PROBLEM:
Copy out once more, exactly, the line with "least easily pluggable)" and all the lines after it, up to the last line of the data.

# # # #

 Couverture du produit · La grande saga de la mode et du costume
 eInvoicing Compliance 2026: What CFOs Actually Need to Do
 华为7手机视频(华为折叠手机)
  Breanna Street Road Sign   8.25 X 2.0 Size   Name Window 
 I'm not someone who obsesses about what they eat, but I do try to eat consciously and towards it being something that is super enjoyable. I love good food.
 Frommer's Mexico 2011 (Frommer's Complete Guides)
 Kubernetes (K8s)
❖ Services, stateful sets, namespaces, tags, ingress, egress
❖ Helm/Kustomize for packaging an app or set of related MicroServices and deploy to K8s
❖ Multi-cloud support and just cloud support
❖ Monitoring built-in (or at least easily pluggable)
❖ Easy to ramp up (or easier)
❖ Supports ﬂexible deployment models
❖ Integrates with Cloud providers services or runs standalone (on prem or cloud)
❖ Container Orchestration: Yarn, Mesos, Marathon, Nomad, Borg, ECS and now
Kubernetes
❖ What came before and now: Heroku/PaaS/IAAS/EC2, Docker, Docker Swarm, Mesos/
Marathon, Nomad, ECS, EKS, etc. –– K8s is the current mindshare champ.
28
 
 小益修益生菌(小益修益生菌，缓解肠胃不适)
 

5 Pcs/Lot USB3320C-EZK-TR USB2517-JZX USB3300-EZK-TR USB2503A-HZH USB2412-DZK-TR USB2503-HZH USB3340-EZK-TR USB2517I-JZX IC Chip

# # # #

RESULT:
❖ Monitoring built-in (or at least easily pluggable)
❖ Easy to ramp up (or easier)
❖ Supports ﬂexible deployment models
❖ Integrates with Cloud providers services or runs standalone (on prem or cloud)
❖ Container Orchestration: Yarn, Mesos, Marathon, Nomad, Borg, ECS and now
Kubernetes
❖ What came before and now: Heroku/PaaS/IAAS/EC2, Docker, Docker Swarm, Mesos/
Marathon, Nomad, ECS, EKS, etc. –– K8s is the current mindshare champ.
28
 
 小益修益生菌(小益修益生菌，缓解肠胃不适)
 

5 Pcs/Lot USB3320C-EZK-TR USB2517-JZX USB3300-EZK-TR USB2503A-HZH USB2412-DZK-TR USB2503-HZH USB3340-EZK-TR USB2517I-JZX IC Chip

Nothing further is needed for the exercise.